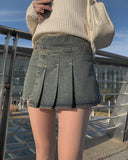 Qwerty Denim Pleated Mini Skirt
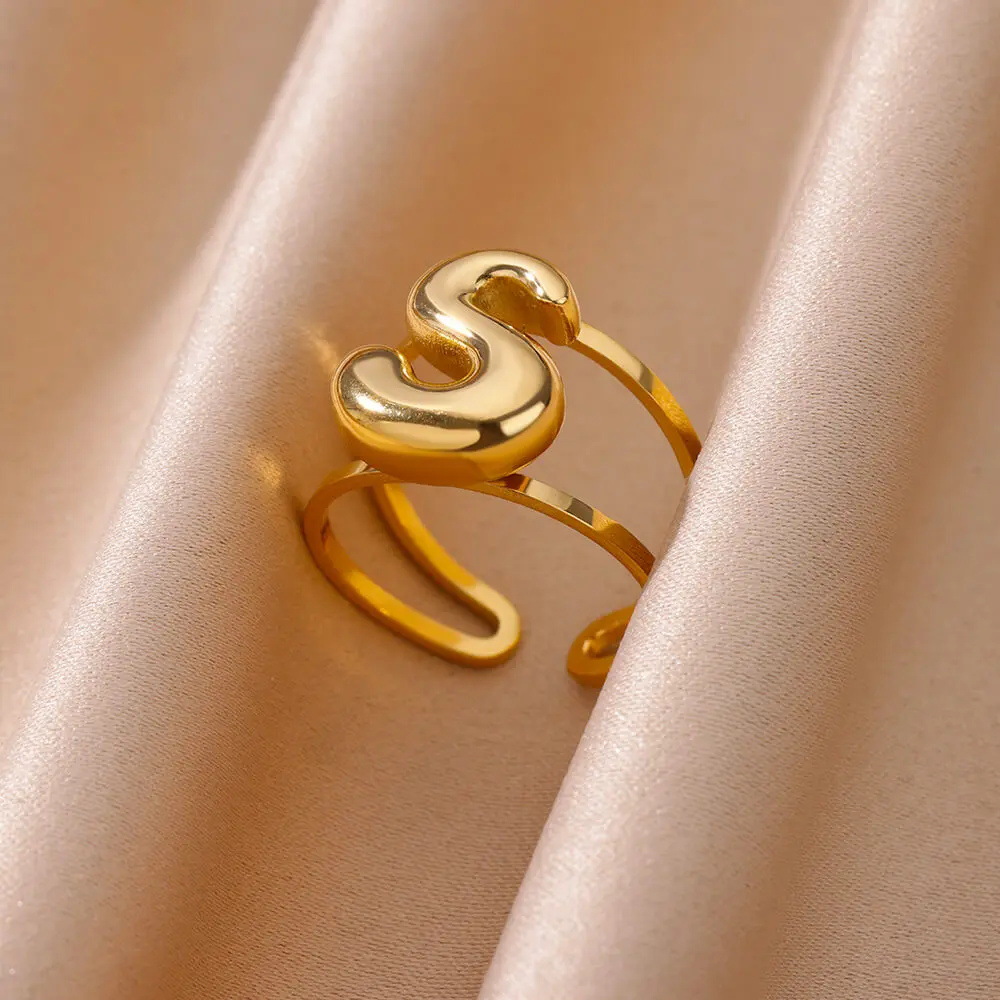 9g Weight 0.03µm-0.05µm Gold Plating Thickness PVD Coated Gold Plating Process Real Gold Plated Plating Material Stone-Free Inlay Material Open Rings Classification 1 Piece Quantity Casual, Daily Occasion 304 Stainless Steel Material Letter Pattern All Seasons Season Unisex Gender Simple Style Style Waterproof Non Tarnish, Plating Craft PVD Coated Real Gold Plated Letter 304 Stainless Steel Simple Style Waterproof Non Tarnish Open Rings 8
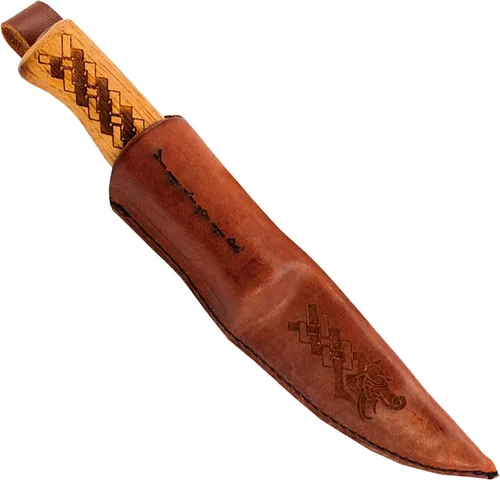 Miniatura 2 de Condor Herramienta y cuchillo, cuchillo de dragón nórdico, hoja de 4 pulgadas, mango de nogal americano quemado, funda de cuero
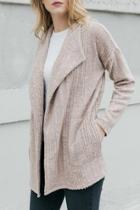  Brushed Variegated Rib Open Cardigan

What is required - Each line from the one containing "9g Weight 0.03µm-0.05µm" through the last line of the listing is to be given again exactly, with no pictures and no other lines.

Exercise answer -
 9g Weight 0.03µm-0.05µm Gold Plating Thickness PVD Coated Gold Plating Process Real Gold Plated Plating Material Stone-Free Inlay Material Open Rings Classification 1 Piece Quantity Casual, Daily Occasion 304 Stainless Steel Material Letter Pattern All Seasons Season Unisex Gender Simple Style Style Waterproof Non Tarnish, Plating Craft PVD Coated Real Gold Plated Letter 304 Stainless Steel Simple Style Waterproof Non Tarnish Open Rings 8
 Miniatura 2 de Condor Herramienta y cuchillo, cuchillo de dragón nórdico, hoja de 4 pulgadas, mango de nogal americano quemado, funda de cuero
  Brushed Variegated Rib Open Cardigan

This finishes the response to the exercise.